A guerra tinha produzido um considerável avanço na tecnologia, mas, basicamente, estávamos ainda na fase de grandes e complexas máquinas de calcular. O desafio era produzir um dispositivo com uma memória interna de armazenamento, um salto que nos levaria de calculadoras aos computadores adequada. A guerra também criou um grupo de cientistas com experiência na computação digital, e trabalho no avanço da tecnologia avançou rapidamente em ambos os lados do Atlântico. Se estamos procurando o primeiro computador moderno, o crédito deve ir para a Universidade de Manchester, cujo protótipo, Baby, tornou-se operacional em Junho de 1948, logo seguido por uma escala completa do modelo operacional, Manchester Mark I. O próximo passo importante, a incorporação de uma memória de acesso aleatório veio três anos mais tarde com o Whirlwind construído no MIT.

 

Manchester Mark I (1949)                        Whirlwind (1951)

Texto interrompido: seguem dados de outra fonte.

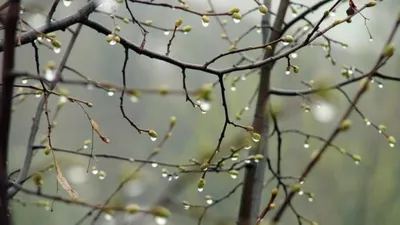 Весенний дождь: капли на цветах и траве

Até agora, os avanços do computador foi desenvolvido tanto para diversos ramos de governo ou como unidades protótipo nas universidades. Em 1951 Remington Rand entrou no mercado com o computador UNIVAC, em grande parte em um esforço para recuperar os custos superiores aos previstos no seu contrato com o governo E.U. que originalmente tinha encomendado o dispositivo para o censo. Um ano depois, começou a produzir ready-made de software (embora o termo não entraram em uso até que uma década mais tarde). IBM, que anteriormente tinha especializada em sistema de cartão, entrou no mercado com sua série de 700 em 1953. Oferta de 60 por cento de desconto para usos educacionais, a IBM rapidamente passou a dominar o mercado universitário. Os computadores foram agora se espalha rapidamente através dos negócios e as comunidades científicas, tornando-se cada vez mais rápido e de fácil utilização cada vez mais amigável. Eles também foram se tornando menores. Até o final da década de 1950, transistores estavam começando a derrubar os tubos de vácuo pesados e em 1958/59, o primeiro circuito "integrado" em um pedaço de silício produzido - cinco componentes em um pedaço 1 cm de comprimento. O 'chip' nasce e entrou em produção comercial em 1961.

   IBM 7090 (1961)

Em 1961 a IBM introduziu um 'Time Sharing System Compatible "em sua série 7090/94 que permitiu terminais separados em diferentes escritórios para acessar o mesmo hardware. O conceito de "acesso remoto" a um "host" do computador tornou-se realidade. E se você poderia ligar a um computador a partir de um terminal de trabalho, por que não a outra .... Por que não a todos?